And those frameworks, the ones we are now too impatient to consult, were not generated by a model in an afternoon. They were the slow, accreted, argued-over work of people who read and thought and sat with the hardest questions for entire lifetimes: Aristotle and Confucius, Aquinas and Maimonides, Kant and Mill, the anonymous authors of the texts that still hold up half the world’s idea of decency. They disagreed furiously about almost everything. But notice that on this one point they did not disagree at all: every last one of them named unbounded acquisitiveness a sickness of the soul. That is about as close to a unanimous verdict as ten thousand years of human thought has ever produced, and we have decided we know better. It is a particular kind of arrogance.
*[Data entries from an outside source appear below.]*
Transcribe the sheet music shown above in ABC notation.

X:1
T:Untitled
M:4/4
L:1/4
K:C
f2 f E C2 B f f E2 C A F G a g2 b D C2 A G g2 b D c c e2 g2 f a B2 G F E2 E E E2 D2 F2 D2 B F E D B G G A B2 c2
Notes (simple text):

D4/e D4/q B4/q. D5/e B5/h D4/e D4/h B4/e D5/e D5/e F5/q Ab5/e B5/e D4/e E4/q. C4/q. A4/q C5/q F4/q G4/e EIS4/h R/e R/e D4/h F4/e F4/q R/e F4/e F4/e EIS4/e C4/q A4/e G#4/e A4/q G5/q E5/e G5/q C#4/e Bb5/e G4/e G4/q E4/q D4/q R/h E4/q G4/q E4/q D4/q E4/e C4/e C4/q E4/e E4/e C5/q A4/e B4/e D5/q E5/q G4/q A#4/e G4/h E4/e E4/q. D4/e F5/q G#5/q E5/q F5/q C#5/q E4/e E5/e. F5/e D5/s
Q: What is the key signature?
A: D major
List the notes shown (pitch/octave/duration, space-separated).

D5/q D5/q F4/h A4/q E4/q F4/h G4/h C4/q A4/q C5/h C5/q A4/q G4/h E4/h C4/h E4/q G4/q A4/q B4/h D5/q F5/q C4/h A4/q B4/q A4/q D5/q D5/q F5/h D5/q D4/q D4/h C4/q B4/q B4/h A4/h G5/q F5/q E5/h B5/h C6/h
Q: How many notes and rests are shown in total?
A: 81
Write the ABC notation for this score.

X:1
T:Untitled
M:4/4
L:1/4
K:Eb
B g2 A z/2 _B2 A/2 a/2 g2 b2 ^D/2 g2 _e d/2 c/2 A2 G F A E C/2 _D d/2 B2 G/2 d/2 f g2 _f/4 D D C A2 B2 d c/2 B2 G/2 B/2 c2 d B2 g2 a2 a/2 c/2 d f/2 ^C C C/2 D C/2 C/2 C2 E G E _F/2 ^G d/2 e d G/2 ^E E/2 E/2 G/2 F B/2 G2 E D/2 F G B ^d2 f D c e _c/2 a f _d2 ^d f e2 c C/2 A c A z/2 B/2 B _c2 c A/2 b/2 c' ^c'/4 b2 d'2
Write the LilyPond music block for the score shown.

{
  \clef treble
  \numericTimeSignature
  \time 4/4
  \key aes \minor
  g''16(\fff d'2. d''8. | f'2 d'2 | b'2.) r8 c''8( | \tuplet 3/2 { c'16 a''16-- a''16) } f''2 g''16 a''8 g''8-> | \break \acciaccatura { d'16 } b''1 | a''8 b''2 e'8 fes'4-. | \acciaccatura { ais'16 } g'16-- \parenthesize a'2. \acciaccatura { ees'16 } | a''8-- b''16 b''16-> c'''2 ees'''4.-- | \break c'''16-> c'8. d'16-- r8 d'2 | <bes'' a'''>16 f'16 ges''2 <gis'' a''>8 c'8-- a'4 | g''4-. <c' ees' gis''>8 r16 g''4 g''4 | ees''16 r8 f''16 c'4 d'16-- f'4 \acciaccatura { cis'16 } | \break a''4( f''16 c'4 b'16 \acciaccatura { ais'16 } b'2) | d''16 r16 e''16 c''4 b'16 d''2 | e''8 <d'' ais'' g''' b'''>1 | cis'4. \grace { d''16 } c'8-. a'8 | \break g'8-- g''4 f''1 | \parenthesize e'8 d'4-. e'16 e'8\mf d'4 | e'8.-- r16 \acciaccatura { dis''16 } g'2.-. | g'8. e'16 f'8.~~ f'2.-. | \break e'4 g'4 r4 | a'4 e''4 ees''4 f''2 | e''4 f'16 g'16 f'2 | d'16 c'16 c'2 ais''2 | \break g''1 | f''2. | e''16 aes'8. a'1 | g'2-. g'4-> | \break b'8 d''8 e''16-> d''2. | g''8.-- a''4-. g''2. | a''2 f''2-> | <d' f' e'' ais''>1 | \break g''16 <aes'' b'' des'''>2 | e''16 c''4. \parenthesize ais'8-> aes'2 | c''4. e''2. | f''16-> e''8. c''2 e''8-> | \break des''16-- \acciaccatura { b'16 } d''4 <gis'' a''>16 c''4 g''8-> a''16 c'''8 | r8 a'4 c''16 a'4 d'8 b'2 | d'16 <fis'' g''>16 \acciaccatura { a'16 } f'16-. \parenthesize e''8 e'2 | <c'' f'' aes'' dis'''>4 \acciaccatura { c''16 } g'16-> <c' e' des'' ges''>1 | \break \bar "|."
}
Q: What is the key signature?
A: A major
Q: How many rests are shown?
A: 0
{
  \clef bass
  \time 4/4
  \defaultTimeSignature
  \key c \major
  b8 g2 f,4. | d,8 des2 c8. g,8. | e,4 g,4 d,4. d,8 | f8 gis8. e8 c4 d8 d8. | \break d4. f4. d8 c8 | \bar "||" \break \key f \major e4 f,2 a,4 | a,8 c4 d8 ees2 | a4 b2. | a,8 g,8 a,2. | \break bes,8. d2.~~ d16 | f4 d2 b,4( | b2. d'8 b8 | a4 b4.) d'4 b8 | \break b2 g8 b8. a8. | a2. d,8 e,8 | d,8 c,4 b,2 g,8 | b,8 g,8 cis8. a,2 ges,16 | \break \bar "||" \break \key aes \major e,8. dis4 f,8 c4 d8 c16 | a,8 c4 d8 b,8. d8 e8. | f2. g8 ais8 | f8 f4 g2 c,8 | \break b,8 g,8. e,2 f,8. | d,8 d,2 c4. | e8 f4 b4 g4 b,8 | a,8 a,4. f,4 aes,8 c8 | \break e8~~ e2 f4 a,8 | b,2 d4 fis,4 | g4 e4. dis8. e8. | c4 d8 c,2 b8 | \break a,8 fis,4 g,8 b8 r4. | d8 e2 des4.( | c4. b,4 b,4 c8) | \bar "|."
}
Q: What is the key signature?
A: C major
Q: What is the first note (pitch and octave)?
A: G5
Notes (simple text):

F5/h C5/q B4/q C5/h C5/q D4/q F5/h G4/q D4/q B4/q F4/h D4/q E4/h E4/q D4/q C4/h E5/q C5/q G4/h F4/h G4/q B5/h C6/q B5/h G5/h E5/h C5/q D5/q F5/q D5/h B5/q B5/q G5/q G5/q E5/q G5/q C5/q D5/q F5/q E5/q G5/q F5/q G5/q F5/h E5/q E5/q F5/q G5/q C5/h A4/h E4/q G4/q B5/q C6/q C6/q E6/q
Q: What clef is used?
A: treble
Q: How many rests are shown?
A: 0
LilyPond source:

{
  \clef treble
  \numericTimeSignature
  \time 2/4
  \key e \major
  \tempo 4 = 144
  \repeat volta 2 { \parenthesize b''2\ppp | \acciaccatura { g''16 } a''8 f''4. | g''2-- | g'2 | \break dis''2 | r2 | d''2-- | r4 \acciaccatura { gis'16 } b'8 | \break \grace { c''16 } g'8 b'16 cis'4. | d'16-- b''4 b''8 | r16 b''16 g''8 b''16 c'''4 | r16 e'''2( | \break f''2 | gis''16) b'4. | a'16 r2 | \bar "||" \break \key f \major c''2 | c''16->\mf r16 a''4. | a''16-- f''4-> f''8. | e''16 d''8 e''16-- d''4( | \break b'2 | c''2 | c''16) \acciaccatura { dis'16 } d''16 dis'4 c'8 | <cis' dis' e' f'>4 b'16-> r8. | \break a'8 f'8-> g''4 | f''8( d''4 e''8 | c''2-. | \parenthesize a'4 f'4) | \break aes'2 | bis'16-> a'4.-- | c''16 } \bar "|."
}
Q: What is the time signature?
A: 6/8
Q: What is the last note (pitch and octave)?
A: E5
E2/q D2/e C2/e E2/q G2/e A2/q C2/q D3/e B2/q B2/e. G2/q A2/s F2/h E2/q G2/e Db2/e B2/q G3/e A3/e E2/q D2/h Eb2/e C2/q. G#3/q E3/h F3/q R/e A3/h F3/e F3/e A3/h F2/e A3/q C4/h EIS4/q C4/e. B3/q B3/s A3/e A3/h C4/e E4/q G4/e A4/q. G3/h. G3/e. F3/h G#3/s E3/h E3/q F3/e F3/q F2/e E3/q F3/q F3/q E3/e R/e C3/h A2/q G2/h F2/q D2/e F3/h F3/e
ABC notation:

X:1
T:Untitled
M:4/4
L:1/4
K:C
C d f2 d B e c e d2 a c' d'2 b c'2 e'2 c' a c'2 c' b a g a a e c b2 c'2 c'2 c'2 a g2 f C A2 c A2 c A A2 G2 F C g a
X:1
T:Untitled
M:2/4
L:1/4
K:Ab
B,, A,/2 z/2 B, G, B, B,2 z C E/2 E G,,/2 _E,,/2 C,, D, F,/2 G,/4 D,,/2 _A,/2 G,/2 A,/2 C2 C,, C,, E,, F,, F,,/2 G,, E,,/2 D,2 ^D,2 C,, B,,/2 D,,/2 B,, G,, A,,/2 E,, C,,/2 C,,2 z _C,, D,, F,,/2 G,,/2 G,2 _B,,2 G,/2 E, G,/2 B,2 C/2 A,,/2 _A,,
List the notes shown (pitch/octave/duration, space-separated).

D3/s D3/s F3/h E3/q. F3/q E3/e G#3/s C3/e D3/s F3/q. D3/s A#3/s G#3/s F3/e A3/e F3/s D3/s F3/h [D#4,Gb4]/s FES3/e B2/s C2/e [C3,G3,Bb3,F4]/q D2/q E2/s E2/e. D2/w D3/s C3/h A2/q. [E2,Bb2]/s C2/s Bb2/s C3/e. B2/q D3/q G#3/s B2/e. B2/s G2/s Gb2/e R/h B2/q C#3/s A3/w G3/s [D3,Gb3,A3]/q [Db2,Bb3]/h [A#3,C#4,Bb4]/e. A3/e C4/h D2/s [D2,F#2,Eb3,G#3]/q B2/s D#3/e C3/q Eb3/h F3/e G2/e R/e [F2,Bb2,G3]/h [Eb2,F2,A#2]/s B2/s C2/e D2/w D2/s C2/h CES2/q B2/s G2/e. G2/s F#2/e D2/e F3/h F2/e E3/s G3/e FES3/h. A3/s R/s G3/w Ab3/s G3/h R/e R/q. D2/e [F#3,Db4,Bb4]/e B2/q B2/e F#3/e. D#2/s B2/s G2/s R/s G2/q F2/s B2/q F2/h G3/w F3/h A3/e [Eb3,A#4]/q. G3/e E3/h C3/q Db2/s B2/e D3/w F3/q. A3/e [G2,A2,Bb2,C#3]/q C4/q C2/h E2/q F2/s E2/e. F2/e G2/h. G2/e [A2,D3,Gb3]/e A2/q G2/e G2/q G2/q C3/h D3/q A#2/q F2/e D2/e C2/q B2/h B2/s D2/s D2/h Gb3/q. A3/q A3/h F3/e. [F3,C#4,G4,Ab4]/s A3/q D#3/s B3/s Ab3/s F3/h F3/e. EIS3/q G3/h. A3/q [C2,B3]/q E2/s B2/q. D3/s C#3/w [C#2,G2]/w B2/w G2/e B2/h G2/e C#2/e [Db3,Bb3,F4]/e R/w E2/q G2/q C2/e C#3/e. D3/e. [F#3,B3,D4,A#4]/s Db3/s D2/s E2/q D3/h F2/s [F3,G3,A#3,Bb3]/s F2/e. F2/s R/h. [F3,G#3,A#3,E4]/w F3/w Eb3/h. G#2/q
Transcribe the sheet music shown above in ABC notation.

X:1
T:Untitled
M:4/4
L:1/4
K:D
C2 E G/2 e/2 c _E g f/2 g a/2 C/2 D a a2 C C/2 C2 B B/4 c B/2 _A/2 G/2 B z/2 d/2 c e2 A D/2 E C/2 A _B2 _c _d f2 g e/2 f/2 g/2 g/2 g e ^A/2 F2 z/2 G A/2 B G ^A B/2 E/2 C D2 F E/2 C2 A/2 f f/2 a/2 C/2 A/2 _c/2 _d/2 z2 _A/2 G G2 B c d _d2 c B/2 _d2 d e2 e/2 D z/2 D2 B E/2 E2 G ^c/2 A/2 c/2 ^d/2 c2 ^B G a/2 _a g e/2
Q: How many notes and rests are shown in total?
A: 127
But I keep coming back to the environment, because that’s where this stops being abstract.

We did not destroy the planet by accident. We destroyed it on purpose, in pursuit of our own materialism and, more than that, our own disconnection: the deep conviction that the world is dead matter, raw resource, a thing without inwardness that exists to be used. That conviction has a name in the philosophy of consciousness. It’s the materialist view, the one that says mind is just chemistry, just matter and energy doing their blind mechanical thing. And I want to suggest an alternative.

It is very hard to argue that consciousness is merely chemical, and then look at what that belief licensed us to do.

Because the same disenchantment cuts both ways. If the mind is just matter, then matter is just stuff, and stuff is just there to be strip-mined, burned, and discarded. The story we told ourselves about our own minds is the same story we told ourselves about the river, the forest, the soil. Dead matter all the way down. The ecological catastrophe is not separate from the consciousness question. It is what the materialist answer looks like when you act on it for two hundred years.

And the strange thing is, the materialist answer doesn’t even hold up that well. Touch a mimosa and it folds its leaves away from your hand. Touch it again and it learns to ignore you. Pollan’s plant biologists are not cranks for finding this unsettling. I’m not claiming the mimosa feels what you feel. Nobody can claim that, which is rather the point. What I’m claiming is that our confidence it feels nothing is exactly the kind of confidence that has served us catastrophically before. We were sure infants felt no pain and operated on them without anaesthesia. We were sure the animals were automata. Every time, the certainty that something on the other side of us was empty inside turned out to be less about them and more about what we wanted to be free to do.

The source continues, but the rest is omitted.